# Now's your chance, Wayne.



## StevieMac (Mar 4, 2006)

Kijiji - Buy, Sell & Save with Canada's #1 Local Classifieds


Visit Kijiji Classifieds to buy, sell, or trade almost anything! New and used items, cars, real estate, jobs, services, vacation rentals and more virtually anywhere.




www.kijiji.ca


----------



## keto (May 23, 2006)

Probably worth every penny?


----------



## 2manyGuitars (Jul 6, 2009)

Absolutely no clue, but...

For an early ’90s Japanese Strat, $550 doesn’t seem crazy. Especially considering it _is_ an oddball, promo model.


----------



## Diablo (Dec 20, 2007)

were early 90s squiers any good?


----------



## GuitarT (Nov 23, 2010)

Diablo said:


> were early 90s squiers any good?


 If they were Japanese, yes.

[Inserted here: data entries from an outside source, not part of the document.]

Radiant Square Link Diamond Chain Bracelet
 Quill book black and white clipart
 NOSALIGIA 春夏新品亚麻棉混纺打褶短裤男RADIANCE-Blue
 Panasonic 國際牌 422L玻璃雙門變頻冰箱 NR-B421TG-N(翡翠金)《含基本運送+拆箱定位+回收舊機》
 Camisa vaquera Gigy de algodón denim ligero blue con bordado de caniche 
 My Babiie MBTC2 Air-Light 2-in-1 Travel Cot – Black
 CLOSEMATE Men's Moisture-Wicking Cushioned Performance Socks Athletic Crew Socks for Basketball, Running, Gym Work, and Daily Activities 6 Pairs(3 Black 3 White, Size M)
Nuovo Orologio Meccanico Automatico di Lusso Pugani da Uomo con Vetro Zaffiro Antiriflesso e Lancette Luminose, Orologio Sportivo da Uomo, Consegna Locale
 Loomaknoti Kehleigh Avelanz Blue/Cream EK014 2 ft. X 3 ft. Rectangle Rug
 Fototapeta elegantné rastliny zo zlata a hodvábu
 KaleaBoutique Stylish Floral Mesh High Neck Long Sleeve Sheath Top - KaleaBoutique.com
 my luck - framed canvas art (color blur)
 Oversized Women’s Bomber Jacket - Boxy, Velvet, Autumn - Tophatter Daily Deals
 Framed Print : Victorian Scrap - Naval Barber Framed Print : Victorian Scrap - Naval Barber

If they were Korean nope.


----------



## StevieMac (Mar 4, 2006)

MIJ built Squier/Fender were very good quality at that time. I _think_ there may have been a MIM Wayne's World Strat for a brief period as well...


----------



## fogdart (Mar 22, 2017)

These are fantastic guitars. If that was local I’d snap it up.


----------



## jimmythegeek (Apr 17, 2012)

When I was a younger man, George's Guitars in Coburg had a used one of these. I wasn't interested enough to plug it in but it FELT very nice under the fingers.


----------



## pickslide (May 9, 2006)

These are good guitars


----------